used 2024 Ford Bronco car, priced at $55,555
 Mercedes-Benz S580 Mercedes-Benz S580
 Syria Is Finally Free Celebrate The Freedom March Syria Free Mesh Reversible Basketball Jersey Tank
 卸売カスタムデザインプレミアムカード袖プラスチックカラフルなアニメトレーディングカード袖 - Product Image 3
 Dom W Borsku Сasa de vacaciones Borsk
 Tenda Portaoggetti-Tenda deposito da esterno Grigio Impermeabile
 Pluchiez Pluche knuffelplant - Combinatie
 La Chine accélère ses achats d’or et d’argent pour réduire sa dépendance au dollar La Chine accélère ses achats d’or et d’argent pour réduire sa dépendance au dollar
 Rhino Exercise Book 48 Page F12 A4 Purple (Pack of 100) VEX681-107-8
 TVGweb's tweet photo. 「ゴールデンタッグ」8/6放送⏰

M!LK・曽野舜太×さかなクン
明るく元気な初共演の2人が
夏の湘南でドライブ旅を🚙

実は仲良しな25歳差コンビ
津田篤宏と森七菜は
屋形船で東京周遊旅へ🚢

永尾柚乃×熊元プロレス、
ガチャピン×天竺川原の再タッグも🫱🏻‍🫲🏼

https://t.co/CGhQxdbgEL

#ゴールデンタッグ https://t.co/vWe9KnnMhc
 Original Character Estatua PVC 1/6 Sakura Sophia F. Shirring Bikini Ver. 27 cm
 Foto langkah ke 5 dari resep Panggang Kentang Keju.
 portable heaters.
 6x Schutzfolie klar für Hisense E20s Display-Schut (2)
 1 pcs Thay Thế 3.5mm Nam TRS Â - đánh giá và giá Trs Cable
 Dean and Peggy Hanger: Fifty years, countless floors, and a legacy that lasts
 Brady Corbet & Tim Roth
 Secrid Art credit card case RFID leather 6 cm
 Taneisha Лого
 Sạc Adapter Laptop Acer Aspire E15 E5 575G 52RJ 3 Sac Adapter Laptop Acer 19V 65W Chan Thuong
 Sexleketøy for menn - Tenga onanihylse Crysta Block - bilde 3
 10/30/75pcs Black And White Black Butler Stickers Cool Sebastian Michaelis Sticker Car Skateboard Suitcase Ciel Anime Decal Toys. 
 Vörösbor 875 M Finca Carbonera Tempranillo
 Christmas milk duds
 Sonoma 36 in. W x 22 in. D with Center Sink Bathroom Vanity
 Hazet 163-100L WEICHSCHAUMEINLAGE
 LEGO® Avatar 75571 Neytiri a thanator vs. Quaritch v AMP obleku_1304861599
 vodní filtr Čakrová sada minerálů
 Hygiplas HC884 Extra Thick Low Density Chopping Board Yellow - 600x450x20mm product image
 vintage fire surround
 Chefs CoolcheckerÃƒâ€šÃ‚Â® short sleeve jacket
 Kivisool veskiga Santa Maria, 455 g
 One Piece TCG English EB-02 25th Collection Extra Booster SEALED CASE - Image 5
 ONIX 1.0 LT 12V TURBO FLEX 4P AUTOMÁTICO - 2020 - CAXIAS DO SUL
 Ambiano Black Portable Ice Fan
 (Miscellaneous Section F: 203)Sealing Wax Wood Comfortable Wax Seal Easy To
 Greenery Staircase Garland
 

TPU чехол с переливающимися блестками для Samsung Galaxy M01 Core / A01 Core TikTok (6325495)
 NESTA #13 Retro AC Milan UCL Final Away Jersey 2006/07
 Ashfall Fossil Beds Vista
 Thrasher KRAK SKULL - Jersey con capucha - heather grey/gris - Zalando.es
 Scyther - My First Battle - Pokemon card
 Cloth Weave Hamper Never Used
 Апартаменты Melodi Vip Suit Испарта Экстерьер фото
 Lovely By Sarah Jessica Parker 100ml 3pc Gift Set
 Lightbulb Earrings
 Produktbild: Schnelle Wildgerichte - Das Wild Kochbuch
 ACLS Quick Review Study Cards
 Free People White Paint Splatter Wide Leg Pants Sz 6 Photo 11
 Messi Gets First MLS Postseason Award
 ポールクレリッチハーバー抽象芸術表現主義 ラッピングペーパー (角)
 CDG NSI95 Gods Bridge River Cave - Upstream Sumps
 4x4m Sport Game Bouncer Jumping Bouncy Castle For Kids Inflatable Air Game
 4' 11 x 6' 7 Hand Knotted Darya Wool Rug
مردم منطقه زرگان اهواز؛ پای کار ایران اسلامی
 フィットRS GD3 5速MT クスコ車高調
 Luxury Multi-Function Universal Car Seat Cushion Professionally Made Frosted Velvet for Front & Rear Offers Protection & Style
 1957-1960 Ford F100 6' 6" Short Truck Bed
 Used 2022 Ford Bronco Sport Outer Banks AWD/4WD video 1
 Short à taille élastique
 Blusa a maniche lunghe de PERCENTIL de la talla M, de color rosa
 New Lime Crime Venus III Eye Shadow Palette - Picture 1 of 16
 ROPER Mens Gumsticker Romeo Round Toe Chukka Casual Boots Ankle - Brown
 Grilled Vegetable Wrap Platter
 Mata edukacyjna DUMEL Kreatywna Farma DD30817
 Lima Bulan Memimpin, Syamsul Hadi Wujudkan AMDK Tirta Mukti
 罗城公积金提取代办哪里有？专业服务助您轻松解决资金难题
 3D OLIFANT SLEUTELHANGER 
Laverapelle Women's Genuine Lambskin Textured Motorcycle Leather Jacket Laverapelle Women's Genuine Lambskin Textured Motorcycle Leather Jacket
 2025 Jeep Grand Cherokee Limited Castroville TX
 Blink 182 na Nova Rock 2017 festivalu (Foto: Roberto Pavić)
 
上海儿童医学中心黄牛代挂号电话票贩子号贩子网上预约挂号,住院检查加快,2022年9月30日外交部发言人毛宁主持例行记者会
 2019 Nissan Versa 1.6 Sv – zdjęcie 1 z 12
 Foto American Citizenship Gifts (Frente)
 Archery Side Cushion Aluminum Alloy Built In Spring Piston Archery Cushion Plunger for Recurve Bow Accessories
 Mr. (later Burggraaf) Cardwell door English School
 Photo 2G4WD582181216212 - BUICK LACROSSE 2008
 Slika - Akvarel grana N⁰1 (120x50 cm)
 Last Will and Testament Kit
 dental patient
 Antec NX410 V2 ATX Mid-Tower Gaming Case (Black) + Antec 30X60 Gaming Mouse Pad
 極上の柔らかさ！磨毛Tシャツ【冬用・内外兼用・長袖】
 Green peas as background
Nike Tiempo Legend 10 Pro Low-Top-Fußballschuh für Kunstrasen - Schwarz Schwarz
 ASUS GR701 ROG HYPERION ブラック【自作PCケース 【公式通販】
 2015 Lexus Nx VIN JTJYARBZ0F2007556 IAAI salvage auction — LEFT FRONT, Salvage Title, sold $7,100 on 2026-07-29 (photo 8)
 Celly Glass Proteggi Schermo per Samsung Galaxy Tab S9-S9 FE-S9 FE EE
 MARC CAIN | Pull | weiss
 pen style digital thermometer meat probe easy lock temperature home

▶ Work instruction: Within the material above, the line with "卸売カスタムデザインプレミアムカード袖プラスチックカラフルなアニメトレーディングカード袖 - Product" opens the range and the line with "Taneisha Лого" closes it; reproduce that range word for word.

▶ Exercise result:
 卸売カスタムデザインプレミアムカード袖プラスチックカラフルなアニメトレーディングカード袖 - Product Image 3
 Dom W Borsku Сasa de vacaciones Borsk
 Tenda Portaoggetti-Tenda deposito da esterno Grigio Impermeabile
 Pluchiez Pluche knuffelplant - Combinatie
 La Chine accélère ses achats d’or et d’argent pour réduire sa dépendance au dollar La Chine accélère ses achats d’or et d’argent pour réduire sa dépendance au dollar
 Rhino Exercise Book 48 Page F12 A4 Purple (Pack of 100) VEX681-107-8
 TVGweb's tweet photo. 「ゴールデンタッグ」8/6放送⏰

M!LK・曽野舜太×さかなクン
明るく元気な初共演の2人が
夏の湘南でドライブ旅を🚙

実は仲良しな25歳差コンビ
津田篤宏と森七菜は
屋形船で東京周遊旅へ🚢

永尾柚乃×熊元プロレス、
ガチャピン×天竺川原の再タッグも🫱🏻‍🫲🏼

https://t.co/CGhQxdbgEL

#ゴールデンタッグ https://t.co/vWe9KnnMhc
 Original Character Estatua PVC 1/6 Sakura Sophia F. Shirring Bikini Ver. 27 cm
 Foto langkah ke 5 dari resep Panggang Kentang Keju.
 portable heaters.
 6x Schutzfolie klar für Hisense E20s Display-Schut (2)
 1 pcs Thay Thế 3.5mm Nam TRS Â - đánh giá và giá Trs Cable
 Dean and Peggy Hanger: Fifty years, countless floors, and a legacy that lasts
 Brady Corbet & Tim Roth
 Secrid Art credit card case RFID leather 6 cm
 Taneisha Лого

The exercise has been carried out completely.